Mas, é claro, também iam a divertimentos.
 “Fomos algumas vezes a bailes no Sabugueiro, em S. Pedro da Gafanhoeira ou nalguns montes ali à volta. Isto num tempo em que as namoradas iam sempre acompanhadas, sobretudo pelas mães, para que não pusessem o pé em ramo verde. Já agora, e a propósito destes bailaricos, deixe-me contar-lhe um episódio que nunca mais esqueci. Uma vez, num monte perto de S. Pedro, organizou-se um baile com um tocador de harmónio, como era normal. À entrada da casa havia um poial com potes e cântaros com água. Ora como o pessoal era muito e a casa era pequena os empurrões sucediam-se e, a dado momento, um dos homens que por ali estava não conseguiu evitar e foi contra os cântaros, que se partiram. Foi o princípio de uma enorme zaragata. Envolveu-se tudo à pancada e à pedrada e já ninguém se entendia. Não tive outro remédio que não o fugir para evitar a confusão ou levar com alguma pedra transviada.”
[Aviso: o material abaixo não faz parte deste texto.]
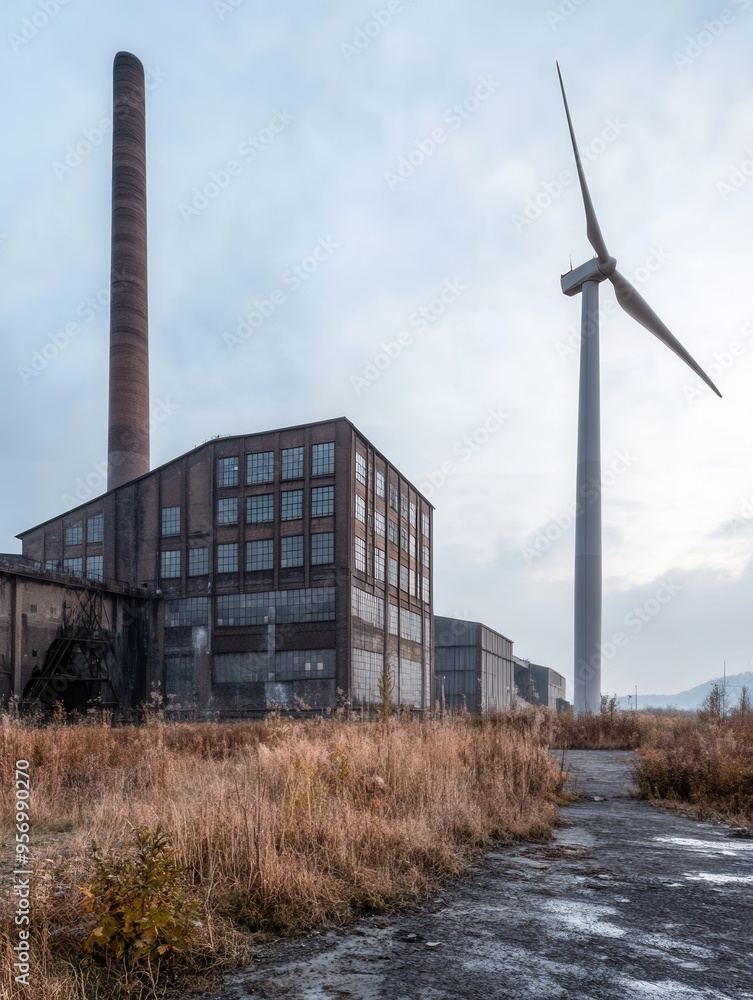 Aufkleber wind turbines stand tall beside decommissioned factories, showcasing the shift from coal dependency 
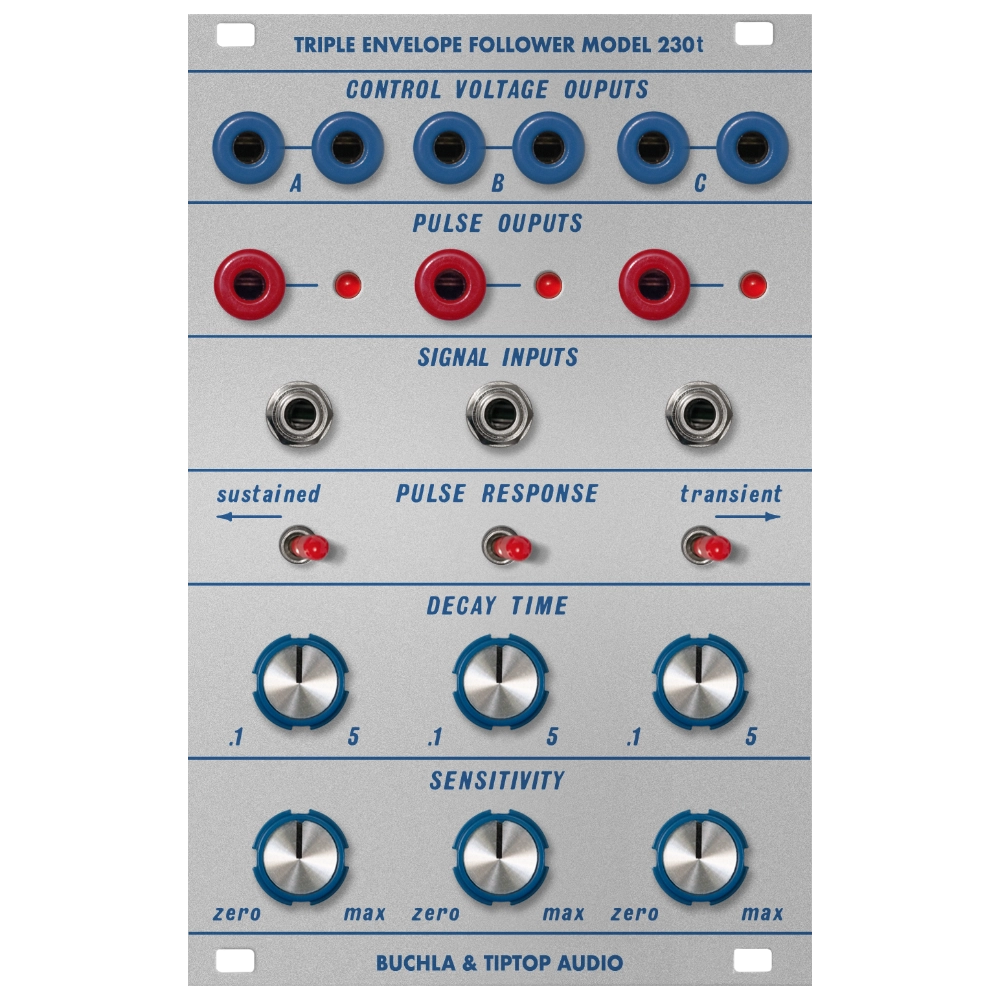 Buchla and Tiptop Audio 230t Eurorack Triple Envelope Follower Module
Segundo nos confessa, é bem tratado no Abrigo e não tem razão de queixa seja de quem for:
 “Integrei-me bem no espírito da instituição e já fiz parte de algumas iniciativas que aqui se fazem para tornar mais agradáveis as nossas horas. Fiz teatro, entrei no coral, vou às piscinas municipais e não me escuso a ir dar os meus passeios, dos quais destaco as idas ao Fluviário de Mora e ao Palácio de Vila Viçosa. Como já disse, toda a gente me trata bem, mas sem desprimor para as restantes, gostaria de salientar o papel da D. Céu, que é realmente uma pessoa extraordinária.”

A nossa conversa chegava ao fim, mas ficámos com a certeza de que muito ficou por revelar pelo nosso amigo Tira-Picos. Fica para uma próxima oportunidade.